Si je ne m’aime pas comme je suis, que je peux y changer quelque chose (et en avoir les moyens, la chirurgie esthétique étant réservée à une élite), je ne vaux pas moins qu’une fille qui porte haut ses kilos ou ses rides. Ne remplaçons pas un diktat par un autre. Le même procédé est d’ailleurs appliqué avec d'autres artifices: on encourage les femmes à ne pas se maquiller, en célébrant celles qui ont fait ce choix. Et tant mieux pour elles. Mais si moi, j’ai envie de me maquiller, est-ce que ça fait de moi une traîtresse?

Enfin, oui: les hommes dont le passage chez le chirurgie esthétique a donné des résultats spectaculaires sont eux aussi moqués. Les frères Bogdanoff, Mickey Rourke ou Silvio Berlusconi… Mais les femmes subissent bien davantage car la manière dont elles vieillissent n’est pas du tout reçu de la même manière que quand il s’agit des hommes. On dira aisément d’un homme qu’il «vieillit bien». Les rides, les cheveux blancs sont considérés comme des adjuvants esthétiques séduisants. Mais d’une femme qui vieillit, on dira plutôt qu’elle est «bien conservée».

«Injustice biologique» supposée

On ânonne bêtement, et sans que cela soit prouvé scientifiquement, que vieillir est plus cruel pour les femmes, que les stigmates sont plus visibles. En invoquant cette supposée «injustice biologique», on escamote au passage le vrai problème: c’est notre regard qui est cruel avec les femmes qui vieillisent –pas la biologie. Cette idée, Hélène Martin, professeure en études de genre à la Haute Ecole de travail social et de santé, la théorise:

«Le corps des femmes est socialement construit comme défaillant. Elles ne vieillissent pas plus mal, mais leur vieillissement est regardé comme plus laid que celui des hommes. Au même âge biologique, elles sont socialement plus vieilles que les hommes et subissent davantage de pression quant à leur apparence.»
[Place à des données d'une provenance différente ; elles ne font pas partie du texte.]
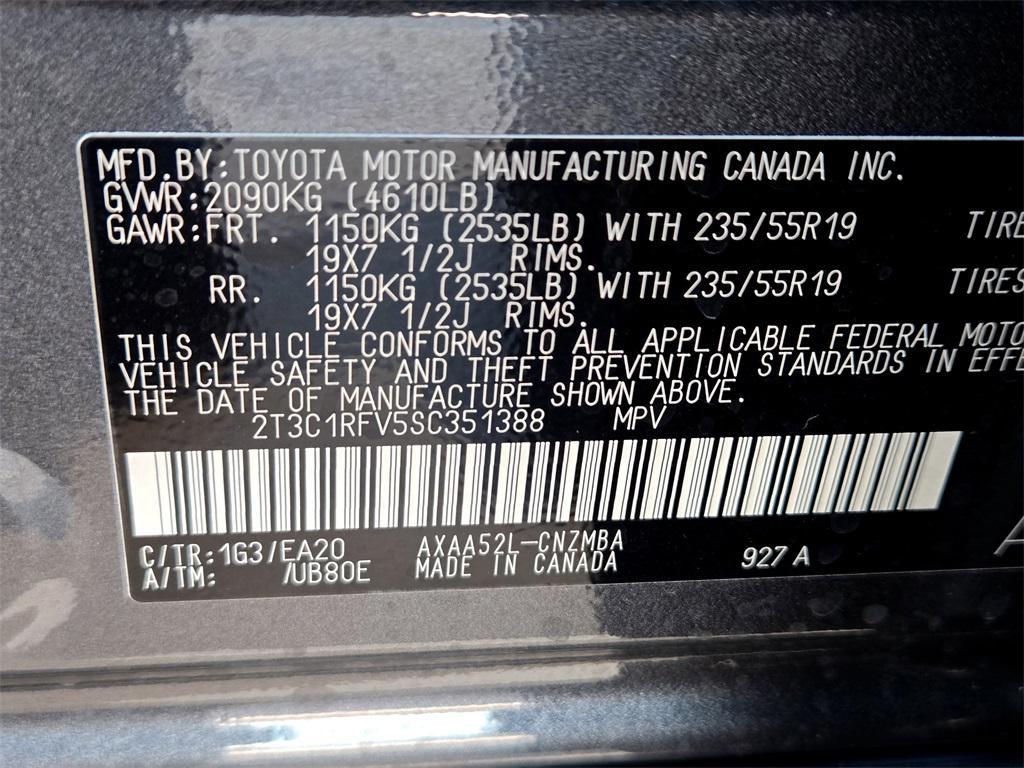 new 2025 Toyota RAV4 car, priced at $36,446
On traitera ainsi avec la même méchanceté une femme dont les stigmates de l’âge sont trop visibles («elle pourrait prendre soin d’elle, faire quelque chose») et celles qui ont choisi de rendre ces stigmates invisibles ou par les remplacer par d’autres: des lèvres trop pleines, un front trop lisse, un contour des yeux trop plane. Luxe que l’on se permet d’ailleurs plus facilement quand le temps n’a pas encore fait son œuvre.

Souvenez-vous, quand l’actrice Carrie Fisher est décédée: la plupart des articles ou tweets qui lui étaient consacrés s’accompagnaient de clichés d’elle quand elle avait à peine une vingtaine d’année. Idem pour Mireille Darc. En couverture des magazines, sur les affiches de cinéma, ou dans la publicités, ellles sont perpétuellement rabotées, modifiées, lissées.

Même quand une femme ne cède pas aux sirènes de la chirurgie, ou de n’importe quel artifice, elle est figée. Sculptée. Par nous-même, qui leur demanderont pourtant de «rester comme elles sont».